Scan the records for the word "фото". Report each line where it occurs.

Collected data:
=== Section Start ===

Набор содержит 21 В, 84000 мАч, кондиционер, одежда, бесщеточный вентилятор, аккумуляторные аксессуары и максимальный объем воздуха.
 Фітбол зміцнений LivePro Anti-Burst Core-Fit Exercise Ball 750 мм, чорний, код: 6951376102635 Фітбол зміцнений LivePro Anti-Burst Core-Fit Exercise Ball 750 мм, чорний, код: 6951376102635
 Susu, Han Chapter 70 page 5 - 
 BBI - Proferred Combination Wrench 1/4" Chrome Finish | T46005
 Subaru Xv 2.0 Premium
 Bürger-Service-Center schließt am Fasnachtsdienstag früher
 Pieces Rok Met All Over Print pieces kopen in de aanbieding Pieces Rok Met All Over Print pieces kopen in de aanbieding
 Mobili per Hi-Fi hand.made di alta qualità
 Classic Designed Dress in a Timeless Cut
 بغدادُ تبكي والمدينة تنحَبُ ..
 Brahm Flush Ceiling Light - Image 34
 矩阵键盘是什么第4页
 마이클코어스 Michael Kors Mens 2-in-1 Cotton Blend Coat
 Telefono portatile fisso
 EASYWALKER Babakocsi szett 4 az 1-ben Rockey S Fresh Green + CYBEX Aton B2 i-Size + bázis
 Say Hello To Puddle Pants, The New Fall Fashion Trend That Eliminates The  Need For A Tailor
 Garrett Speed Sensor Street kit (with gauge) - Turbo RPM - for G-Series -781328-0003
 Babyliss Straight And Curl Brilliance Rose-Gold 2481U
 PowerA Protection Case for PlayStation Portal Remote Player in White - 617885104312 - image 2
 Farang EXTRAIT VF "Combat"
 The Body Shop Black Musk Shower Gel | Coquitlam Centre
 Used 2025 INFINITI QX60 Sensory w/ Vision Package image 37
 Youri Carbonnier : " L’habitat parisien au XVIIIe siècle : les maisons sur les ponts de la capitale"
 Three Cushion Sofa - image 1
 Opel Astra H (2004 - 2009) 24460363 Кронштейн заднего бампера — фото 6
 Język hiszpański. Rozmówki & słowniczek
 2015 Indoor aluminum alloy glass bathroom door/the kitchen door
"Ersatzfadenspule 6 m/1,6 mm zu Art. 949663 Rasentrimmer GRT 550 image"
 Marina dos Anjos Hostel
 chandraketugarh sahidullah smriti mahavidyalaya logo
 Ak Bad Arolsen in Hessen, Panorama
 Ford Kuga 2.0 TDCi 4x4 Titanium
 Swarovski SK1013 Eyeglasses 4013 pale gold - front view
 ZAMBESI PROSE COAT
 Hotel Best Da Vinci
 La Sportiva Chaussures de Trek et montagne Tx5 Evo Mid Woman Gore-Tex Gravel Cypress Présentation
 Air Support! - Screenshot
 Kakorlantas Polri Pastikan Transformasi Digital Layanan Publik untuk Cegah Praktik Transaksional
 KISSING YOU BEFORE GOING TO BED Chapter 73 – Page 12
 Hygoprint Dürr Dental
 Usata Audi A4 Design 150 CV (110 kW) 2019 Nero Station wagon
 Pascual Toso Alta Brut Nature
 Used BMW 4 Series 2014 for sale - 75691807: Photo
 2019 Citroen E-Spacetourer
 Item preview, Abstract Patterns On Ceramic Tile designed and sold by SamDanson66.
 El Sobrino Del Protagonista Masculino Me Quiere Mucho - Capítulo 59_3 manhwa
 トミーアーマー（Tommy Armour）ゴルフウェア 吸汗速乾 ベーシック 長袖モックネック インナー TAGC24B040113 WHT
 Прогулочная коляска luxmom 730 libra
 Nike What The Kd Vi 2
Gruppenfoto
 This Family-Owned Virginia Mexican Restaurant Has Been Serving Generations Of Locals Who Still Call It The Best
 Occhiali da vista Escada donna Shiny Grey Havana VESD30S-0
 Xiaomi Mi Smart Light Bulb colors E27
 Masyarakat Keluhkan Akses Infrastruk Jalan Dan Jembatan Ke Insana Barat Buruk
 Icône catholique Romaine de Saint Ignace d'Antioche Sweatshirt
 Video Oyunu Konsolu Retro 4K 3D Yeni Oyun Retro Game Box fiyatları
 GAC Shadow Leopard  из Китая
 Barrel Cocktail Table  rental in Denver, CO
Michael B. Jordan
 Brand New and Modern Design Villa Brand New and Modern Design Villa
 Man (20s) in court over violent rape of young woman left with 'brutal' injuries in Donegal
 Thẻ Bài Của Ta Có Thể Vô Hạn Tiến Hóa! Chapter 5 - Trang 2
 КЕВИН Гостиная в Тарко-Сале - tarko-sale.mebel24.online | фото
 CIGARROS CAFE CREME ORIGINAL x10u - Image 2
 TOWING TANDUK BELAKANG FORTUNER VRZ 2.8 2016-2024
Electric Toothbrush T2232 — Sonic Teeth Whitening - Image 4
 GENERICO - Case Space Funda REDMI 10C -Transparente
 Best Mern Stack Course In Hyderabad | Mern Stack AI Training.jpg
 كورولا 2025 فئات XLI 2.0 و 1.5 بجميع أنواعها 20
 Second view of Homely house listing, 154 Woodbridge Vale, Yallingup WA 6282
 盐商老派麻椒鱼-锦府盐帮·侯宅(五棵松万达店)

=== Section End ===

▶ _SOLVED PROBLEM_:
 Opel Astra H (2004 - 2009) 24460363 Кронштейн заднего бампера — фото 6
 КЕВИН Гостиная в Тарко-Сале - tarko-sale.mebel24.online | фото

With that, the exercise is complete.